Der weltweiten Abrufbarkeit wegen müsste das Angebot dann auch weltweit gesperrt werden. Die wenigsten Websitebetreiber werden sich aber mit ausländischen Urheberrechten befassen können, wo schon erhebliche Unsicherheiten hinsichtlich des deutschen Urheberrechtes bestehen. Soweit ersichtlich gibt es bisher auch noch keine obergerichtliche Rechtsprechung zu dieser Problematik.
“Wie Sie trotz Urheberrecht Bilder, Texte und Videos rechtssicher nutzen”,
“Verstoß gegen das Urheberrecht: So teuer wird's bei einer Abmahnung”

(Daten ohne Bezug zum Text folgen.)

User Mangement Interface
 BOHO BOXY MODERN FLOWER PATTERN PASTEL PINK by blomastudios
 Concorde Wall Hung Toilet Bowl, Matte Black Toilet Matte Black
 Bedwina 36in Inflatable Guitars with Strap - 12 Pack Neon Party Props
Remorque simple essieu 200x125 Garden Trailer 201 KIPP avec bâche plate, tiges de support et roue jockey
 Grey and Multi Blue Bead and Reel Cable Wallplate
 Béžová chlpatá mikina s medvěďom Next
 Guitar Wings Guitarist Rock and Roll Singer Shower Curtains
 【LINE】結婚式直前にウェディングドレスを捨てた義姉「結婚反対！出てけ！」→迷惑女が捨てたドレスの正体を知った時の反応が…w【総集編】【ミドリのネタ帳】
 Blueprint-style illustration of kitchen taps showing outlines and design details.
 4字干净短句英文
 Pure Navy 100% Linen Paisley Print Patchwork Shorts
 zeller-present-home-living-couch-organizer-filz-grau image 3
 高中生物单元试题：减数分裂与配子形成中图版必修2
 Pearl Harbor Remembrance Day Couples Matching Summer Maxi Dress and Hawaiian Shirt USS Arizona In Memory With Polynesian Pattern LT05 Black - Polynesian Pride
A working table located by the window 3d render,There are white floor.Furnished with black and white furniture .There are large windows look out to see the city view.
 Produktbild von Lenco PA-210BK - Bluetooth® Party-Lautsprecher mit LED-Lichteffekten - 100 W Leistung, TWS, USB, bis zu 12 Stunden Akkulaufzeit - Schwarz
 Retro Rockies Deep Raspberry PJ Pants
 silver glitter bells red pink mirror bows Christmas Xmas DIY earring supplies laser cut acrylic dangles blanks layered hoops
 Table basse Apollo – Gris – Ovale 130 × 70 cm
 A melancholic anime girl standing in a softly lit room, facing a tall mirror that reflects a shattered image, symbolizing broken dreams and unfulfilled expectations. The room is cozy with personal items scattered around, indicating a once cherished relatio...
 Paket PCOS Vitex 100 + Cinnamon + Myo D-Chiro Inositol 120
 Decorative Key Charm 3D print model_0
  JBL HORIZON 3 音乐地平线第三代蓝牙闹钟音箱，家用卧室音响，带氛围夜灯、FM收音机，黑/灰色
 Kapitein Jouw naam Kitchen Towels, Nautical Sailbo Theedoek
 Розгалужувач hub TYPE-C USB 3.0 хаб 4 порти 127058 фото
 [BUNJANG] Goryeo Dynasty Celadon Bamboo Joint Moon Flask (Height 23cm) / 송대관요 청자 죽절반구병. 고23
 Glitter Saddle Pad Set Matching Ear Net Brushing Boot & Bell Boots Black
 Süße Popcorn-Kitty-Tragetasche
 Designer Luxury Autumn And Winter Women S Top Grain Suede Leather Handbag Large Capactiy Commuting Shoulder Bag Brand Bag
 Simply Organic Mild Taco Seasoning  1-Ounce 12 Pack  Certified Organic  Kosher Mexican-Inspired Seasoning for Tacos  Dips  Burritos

9. Sonderfall: Internationales Wettbewerbsrecht
Das Wettbewerbsrecht geht, ähnlich wie das Recht der unerlaubten Handlung, von der Tatortregel aus. Allerdings spricht man im Wettbewerbsrecht von der Marktortregel. Diese besagt: Es findet die Rechtsordnung des Landes Anwendung, in dem die wettbewerbsrechtlichen Interessen der Mitbewerber auf die Marktgegenseite treffen (BGH, Urteil vom 30. Juni 1961, Az. I ZR 39/60).
Für eine Website bedeutet dies, dass regelmäßig der Anknüpfungspunkt für das anzuwendende Recht jeder Ort ist, an dem die Seite abrufbar ist. Denn nur dort treffen die wettbewerbsrechtlichen Interessen der Mitbewerber aufeinander, die im Internet werben.
Streng genommen ist somit weder der Standort des Servers, noch der Ort, an den die Ware letztendlich ausgeliefert wird, maßgeblich für die Bestimmung der anzuwendenden Rechtsordnung (so auch Köhler/Arndt, Recht des Internet Rn.465). Dies bedeutet aber auch, dass sich Gewerbetreibende dem strengsten Wettbewerbsrecht unterwerfen müssen, wenn ihre Angebote in fast allen Ländern der Erde abgerufen werden können.
10. Wenn das alles nicht passt: Der “Odre Public”
Eine Besonderheit des internationalen Privatrechts (IPR) ist der sogenannte Odre-Public-Vorbehalt des Art. 6 EGBGB. Danach wird ausländisches Recht dann nicht angewandt, wenn das Ergebnis mit wesentlichen Grundsätzen des deutschen Rechts, insbesondere der Grundrechte, unvereinbar ist. Dabei muss das Ergebnis der Anwendung einer Norm mit den Grundsätzen des deutschen Rechts kollidieren, nicht die Norm selber. Eine entsprechende Regelung findet sich in Art. 21 Rom-I-VO.
Da jedoch grundsätzlich alle Rechtsordnungen gleichwertig sind, kommt der Odre Public eher selten zur Anwendung.